La vie politique courante, comme nos communications ordinaires toutes tissées de codes et de signes marchent à la représentation, c’est-à-dire au détachement de simulacres planant loin du réel : un député, un délégué syndical comme un ambassadeur sont des signes que le corps social détache de lui-même pour continuer d’agir en des sphères où il n’a pas d’autre accès. Mais quand cette articulation parlementaire ou de la délégation en général coince, quand les gens s’impatientent d’être re-présentés, ils descendent en personne dans la rue et cette « présence réelle » bouscule les règles de la partie. On marche en bouchant les voies aux voitures, au tram, on arrête tout par la simple manifestation de soi, j’y suis, je proteste ! Les manifs de dimanche n’étaient pas à slogans, hormis l’élémentaire « Je suis Charlie », affirmation d’une solidarité assez vague mais globale autour de principes qu’on ne prend pas la peine d’articuler, tant l’horreur du massacre, et l’évidence visuelle des titres ou des caricatures suffisent. Et chacun avec bonheur s’y retrouve. Discours pauvre, pas très chic mais choc, adhésion ou affirmation primaire, basique – le primat de la relation, de l’être-là pour une fois ensemble. Cette démonstration n’est pas frivole mais périodiquement nécessaire, et parfois exaltante. Comment se parle, comment se voit la foule ? Le narcissisme des masses demanderait bien des analyses ; dimanche on ne communiquait pas par mots d’ordre mais par images brandies, crayons, reprises de caricatures ; à Grenoble, les gens s’applaudissaient, cela partait du fond du cortège et progressait par vague, comme une ola sonore, on ne se voyait pas au-delà de quelques mètres mais le son prenait en charge la vue pour mesurer l’ampleur, la profondeur de la présence des autres ; tous faisaient fête aux quelques musulmans présents ; et bien sûr et à qui mieux mieux, on se photographiait.

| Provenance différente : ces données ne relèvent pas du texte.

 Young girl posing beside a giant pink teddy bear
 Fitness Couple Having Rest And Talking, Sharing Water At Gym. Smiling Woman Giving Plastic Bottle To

6. Intelligence des foules ?
Il y a donc une intelligence des foules (titre d’un ouvrage de Rheingold sur la culture numérique et l’essor des réseaux sociaux), pas une intelligence discursive, raisonneuse ou secondaire, mais un discernement pratique et primaire, tout de connivence et de réactivité sensible à l’événement, un calme bloc pétri de sentiments imprescriptibles : indignation, amour et compassion pour les victimes, fierté d’une appartenance, d’une identité retrouvée… Beaucoup de ces grands sentiments se mêlaient dans les têtes, qui n’avaient pas besoin de s’exprimer, chacun comprenait, s’accordait aux sentiments des autres. Cette fraternité (chose si rare en République malgré les écritures de nos frontons !), cette solidarité en acte ne se dit pas, elle se montre – autre grand partage dans nos études de pragmatique, qu’est-ce qui dans la communication ordinaire d’un côté se dit et de l’autre se montre, comment se distinguent et se hiérarchisent l’explicite et l’implicite, le déclaratif et le procédural ? La foule ou la manif procèdent, et du même coup elles m’excèdent, elles me succèdent en parlant au-delà de moi, autrement mais tout de même et mystérieusement en mon nom et pour moi, oui ce que j’avais à dire c’est ça, et j’y étais pour que d’autres avec moi le montrent ou le disent, tous ensemble dressés contre le crime, la bêtise, l’infâme, l’atroce vulgarité… Avoir dit ou montré ça à cette échelle, ça fait tout de même plaisir et c’était sacrément rassurant.
Photo Maryvonne Arnaud
7. Narcissisme de notre info
Cependant que, cette même semaine où nous nous dressions en masse et quasiment à l’échelle internationale contre le massacre islamiste perpétré à Paris, la secte Boko-Haram massacrait « tranquillement » au Nigeria sur les rives du lac Tchad 16 villages en faisant 2000 victimes, principalement parmi les femmes et les enfants, sans susciter une indignation comparable à la nôtre.
*
J’arrête ici ces réflexions, je n’ai pas répondu cher P* à ta philippique, je me suis laissé porter vers d’autres directions ; et je n’ai pas non plus abondé dans ton Hollande-bashing, moi je le trouvé plutôt bien Hollande, et Valls, ils ont eu les mots justes en face de cette horreur… Au fond je suis d’accord avec le papier si malicieux et tellement mieux écrit que le mien de Luc Le Vaillant paru dans Libé de lundi, j’y renvoie d’ailleurs le lecteur – et je remercie Maryvonne en attendant de reprendre le fil de cette rumination.